What to do: All that is needed is an exact copy of the lines from the beginning of the data below through the line containing "Casa à venda com 350m², 4 quartos e 2 vagas Casa", minus the pictures.

Dataset section:
══════════

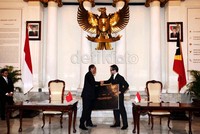 Marty Natalegawa berjabat tangan dengan Jose Luis Guterres seusai penandatanganan perjanjian.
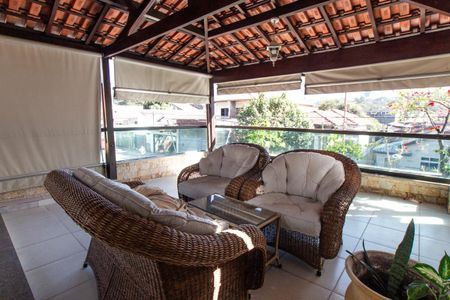 Casa à venda com 350m², 4 quartos e 2 vagas Casa à venda com 350m², 4 quartos e 2 vagasTerraço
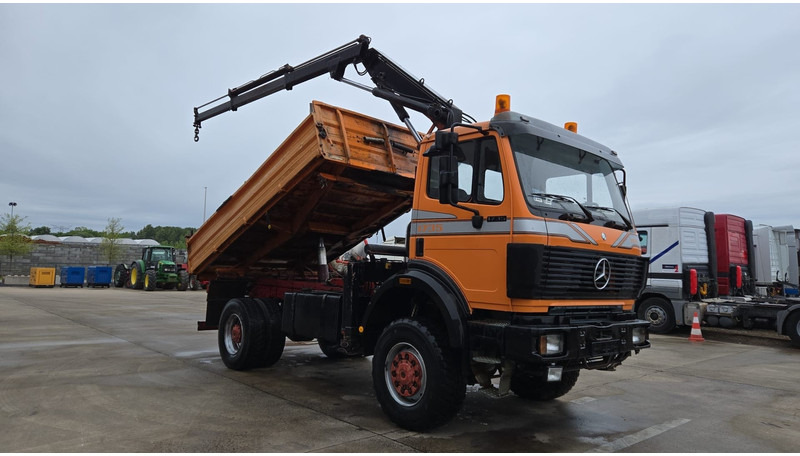 Mercedes-Benz SK 1735 (V8 2X TURBO / 4X4 / PARFAIT ETAT !!!! / GRUE / LAMES / GRAND PONT / TOP CONDITION !!!) - Кипер, Камион со кран: слика 3 Mercedes-Benz SK 1735 (V8 2X TURBO / 4X4 / PARFAIT ETAT !!!! / GRUE / LAMES / GRAND PONT / TOP CONDITION !!!) - Кипер, Камион со кран: слика 3
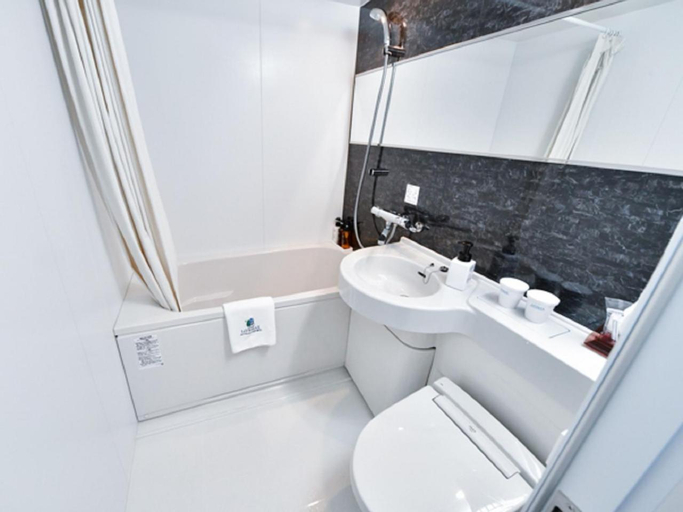 Bathroom 21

══════════

Result of this exercise:
 Marty Natalegawa berjabat tangan dengan Jose Luis Guterres seusai penandatanganan perjanjian.
 Casa à venda com 350m², 4 quartos e 2 vagas Casa à venda com 350m², 4 quartos e 2 vagasTerraço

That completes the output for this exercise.